▶ **WHAT THE TASK ASKS**
Look below for the line containing "Ionic Liquids for"; from there, print each line exactly up to and including the line containing "آهنگ Selam از ییلدیز تیبله", and stop.

[MATERIALS PROVIDED — start]

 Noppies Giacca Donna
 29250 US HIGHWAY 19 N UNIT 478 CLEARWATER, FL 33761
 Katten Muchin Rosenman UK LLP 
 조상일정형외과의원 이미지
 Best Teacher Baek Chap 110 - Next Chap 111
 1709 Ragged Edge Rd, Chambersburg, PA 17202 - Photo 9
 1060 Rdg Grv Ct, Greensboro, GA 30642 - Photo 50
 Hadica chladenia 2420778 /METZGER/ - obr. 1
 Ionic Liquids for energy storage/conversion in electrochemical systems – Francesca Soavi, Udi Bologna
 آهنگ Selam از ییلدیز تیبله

[MATERIALS PROVIDED — finish]
[MATERIALS PROVIDED — start]

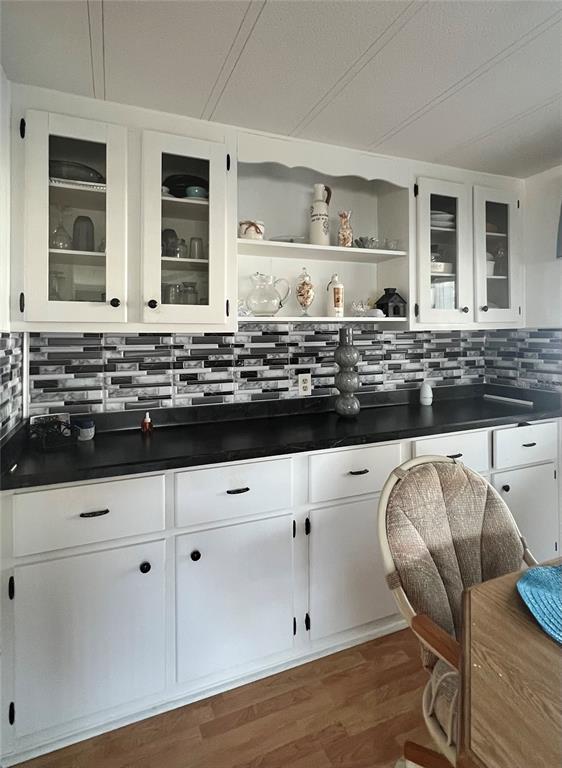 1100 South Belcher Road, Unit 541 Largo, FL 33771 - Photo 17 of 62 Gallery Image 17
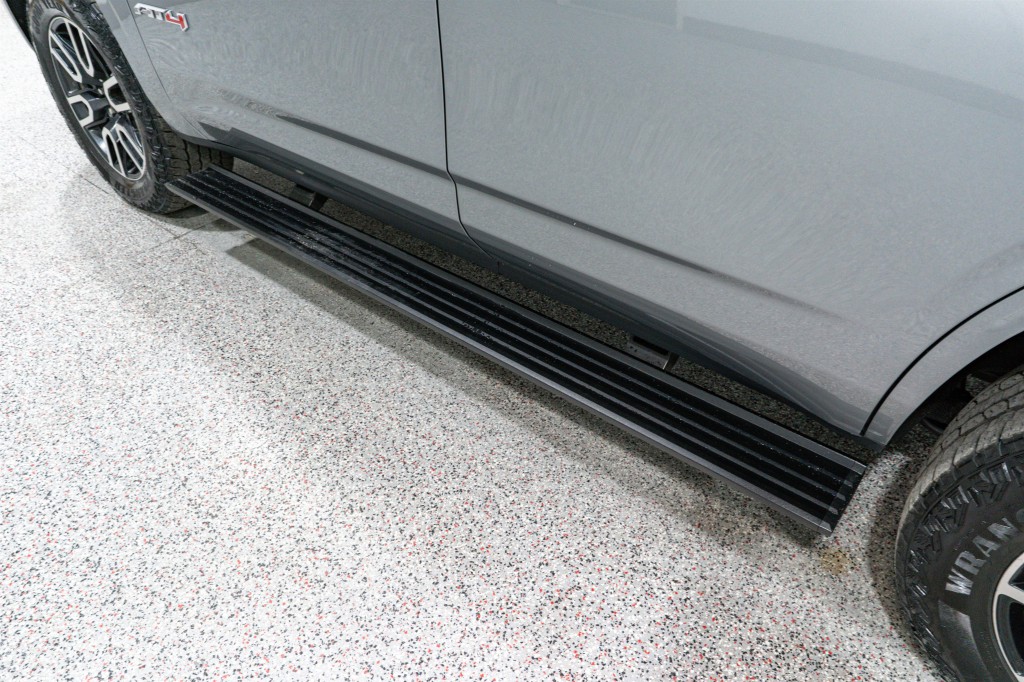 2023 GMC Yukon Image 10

[MATERIALS PROVIDED — finish]

▶ **TASK RESPONSE**
 Ionic Liquids for energy storage/conversion in electrochemical systems – Francesca Soavi, Udi Bologna
 آهنگ Selam از ییلدیز تیبله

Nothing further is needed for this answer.